I walked in with a cursory sense of the photographer. I’d watched a trailer for one of the movies coming out about her, so I knew the bare minimum. She’d been a nanny for several families. She walked through life with a camera and took lots of photos she hardly showed anyone. After her death, she was “discovered.” And in the past few years, she’s become quite a phenomenon.
This mystery is heightened in the first few photographs on display – self portraits of her shadow on an ordinary street in one shot and an electric box in another. She also took many self portraits in mirrors and other reflective surfaces, often not looking into the photograph, but elusively off to the side.

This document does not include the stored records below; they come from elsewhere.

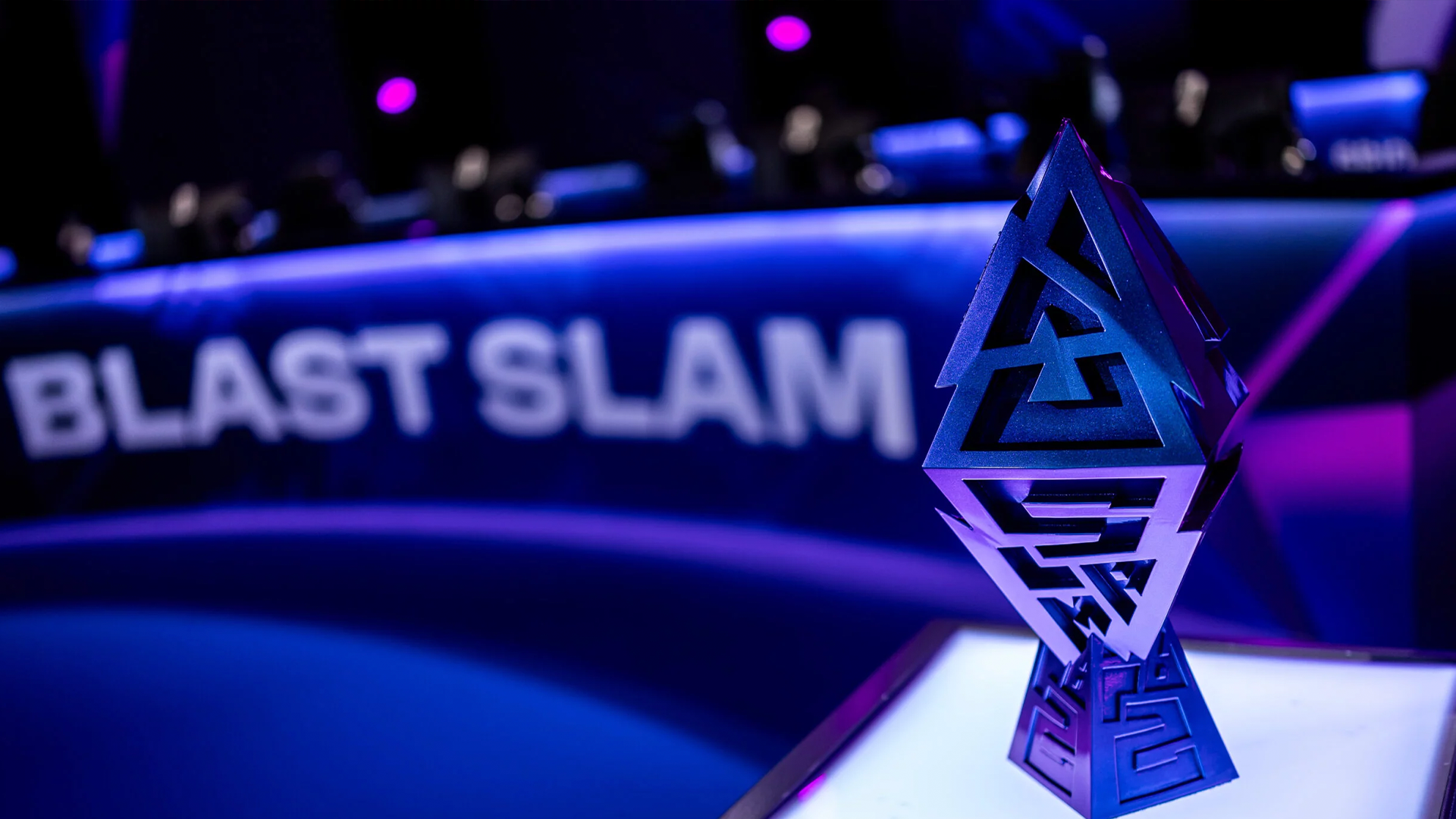 Team Spirit, NaVi и 1w Team в одном квартете: известны группы на BLAST SLAM VIII - cybersport.metaratings.ru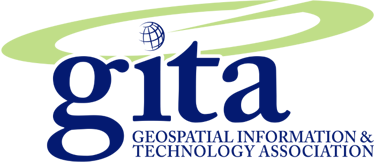 Gita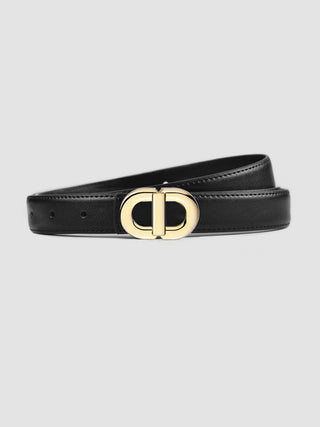 Ceinture City Soul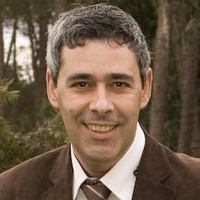 ITIL4G Employee João Alfaiate's profile photo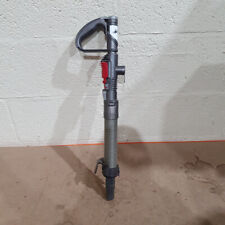 Dyson 914701 upright for sale  STAFFORD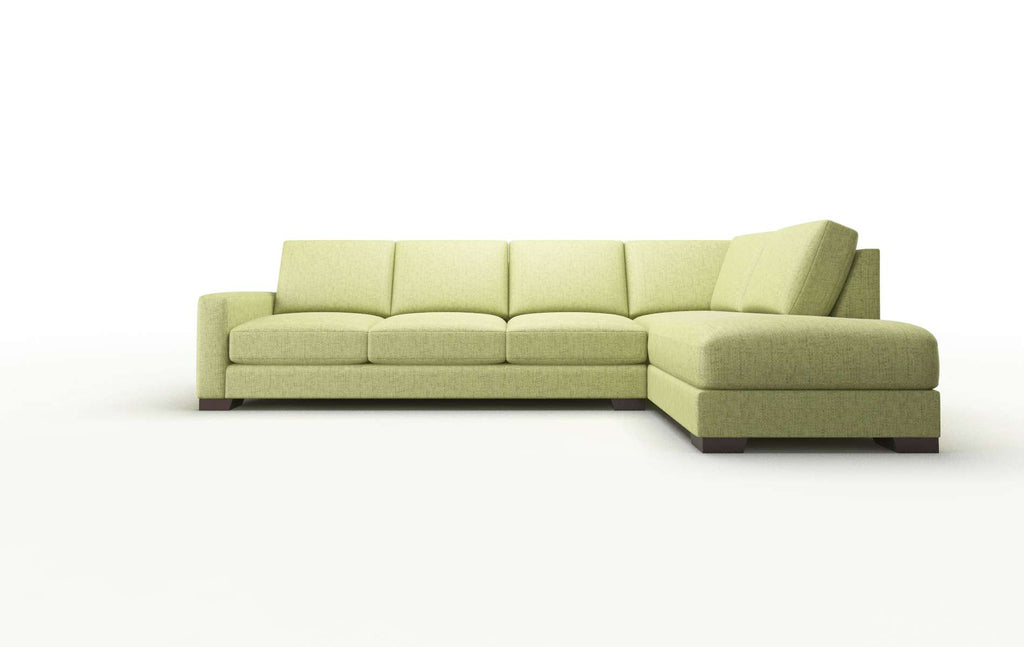 Luxe Panel - Notion Appletini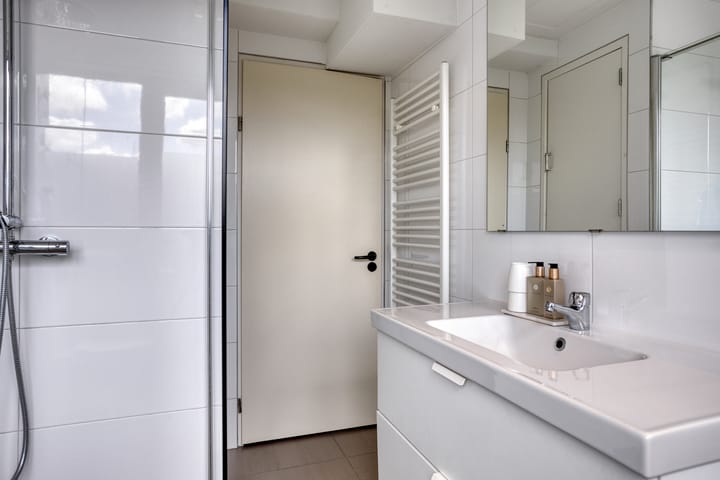 Foto 24 van Harenmakersstraat 29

The exhibit, “Vivian Maier: Out of the Shadows,” at the Minneapolis Photo Center will affect you. Maier documented life in the 1950s and 1960s one roll of film at a time, most often with her Rolleiflex camera. She’d follow the children she was watching, or take the train into downtown Chicago (or New York City, Los Angeles, Paris and many more cities), and take 12 shots a day. Many of those were just single takes of one subject before moving on. An amazing number of those shots are good.
Her subjects, besides herself and her shadow: backs of heads, arms, details, indigent people on the street, strangers who seem fine with someone who had to get within three feet to get a close up while holding her camera at waste height. The photos depict children going to school, a man holding a live duck, a guy catching a nap on a loading dock, trash can full of light bulbs, shadows on a sidewalk. In a time before digital film and Instagram, she was taking pictures of everything and anything.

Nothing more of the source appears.